Evaluation

The module includes performance metrics for neural graph embeddings models, along with model selection routines, negatives generation, and an implementation of the learning-to-rank-based evaluation protocol used in literature.

After the training is complete, the model is ready to perform predictions and to be evaluated on unseen data. Given a triple, the model can score it and quantify its plausibility. Importantly, the entities and relations of new triples must have been seen during training, otherwise no embedding for them is available. Future extensions of the code base will introduce inductive methods as well.
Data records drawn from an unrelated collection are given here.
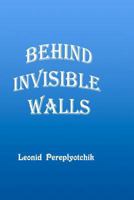 Behind Invisible Walls 1466446587 Book Cover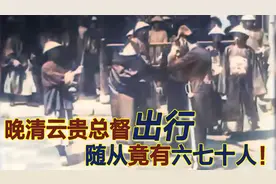 晚清二品官出行阵势惊人，丝毫不知大清将亡，比影视剧里排场还大视频封面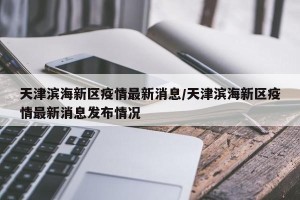 天津滨海新区疫情最新消息/天津滨海新区疫情最新消息发布情况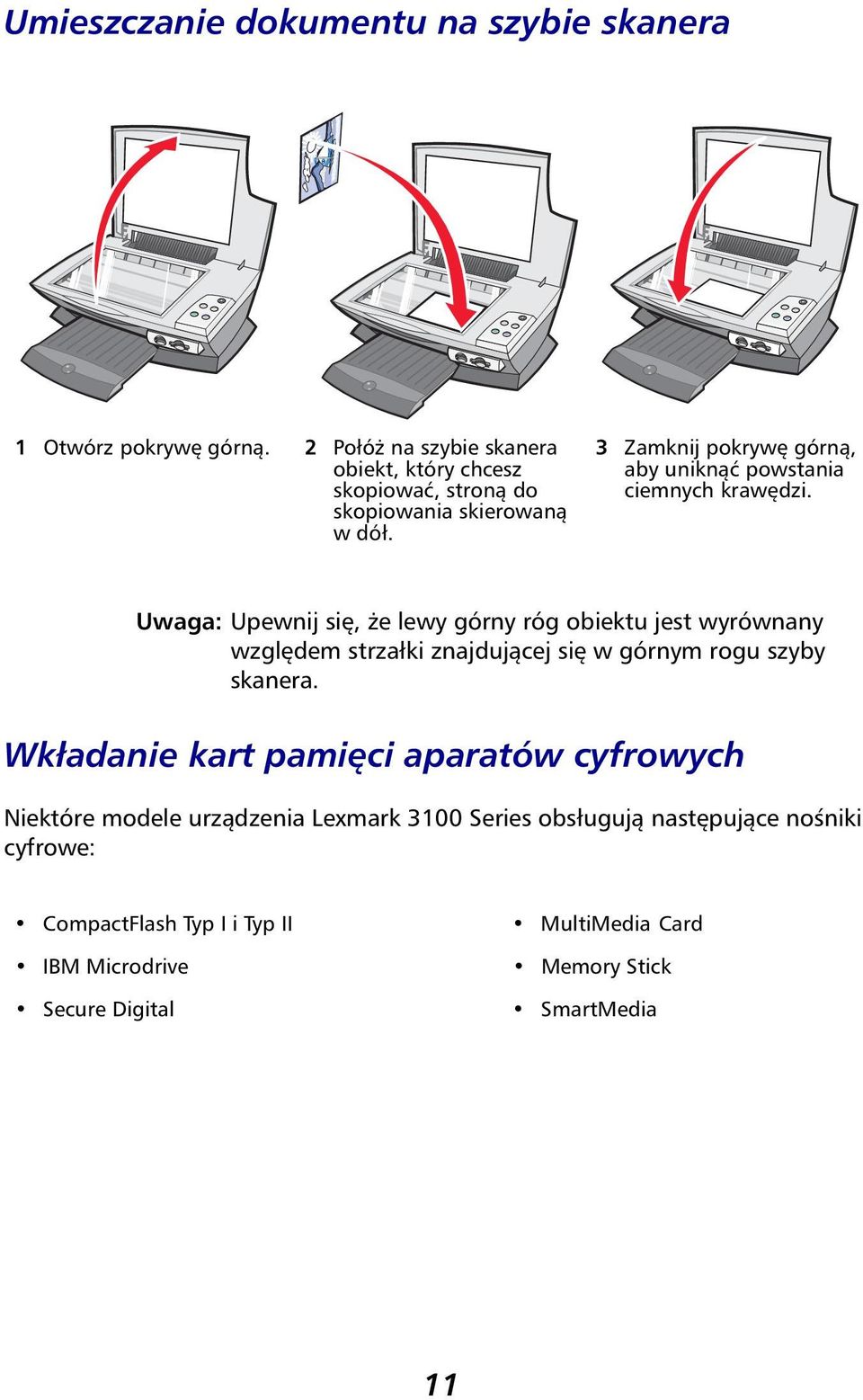 3 Zamknij pokrywę górną, aby uniknąć powstania ciemnych krawędzi.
The standard evaluation of a test triples is achieved by comparing the score assigned by the model to that triple with those assigned to the same triple where we corrupted either the object or the subject. From this comparison we extract some metrics. By aggregating the metrics obtained for all triples in the test set, we finally obtain a “thorough” (depending on the quality of the test set and of the corruptions) evaluation of the model.

Metrics

The available metrics implemented in AmpliGraph to rank a triple against its corruptions are listed in the table below.

rank_score(y_true, y_pred[, pos_lab])

Computes the rank of a triple.

mr_score(ranks)

Mean Rank (MR).

mrr_score(ranks)

Mean Reciprocal Rank (MRR).

hits_at_n_score(ranks, n)

Hits@N.

Model Selection

AmpliGraph implements a model selection routine for KGE models via either a grid search or a random search. Random search is typically more efficient, but grid search, on the other hand, can provide a more controlled selection framework.

select_best_model_ranking(model_class, ...)

Model selection routine for embedding models via either grid search or random search.

Helper Functions

Utilities and support functions for evaluation procedures.

train_test_split_no_unseen(X[, test_size, ...])

Split into train and test sets.

filter_unseen_entities(X, model[, verbose])

Filter unseen entities in the test set.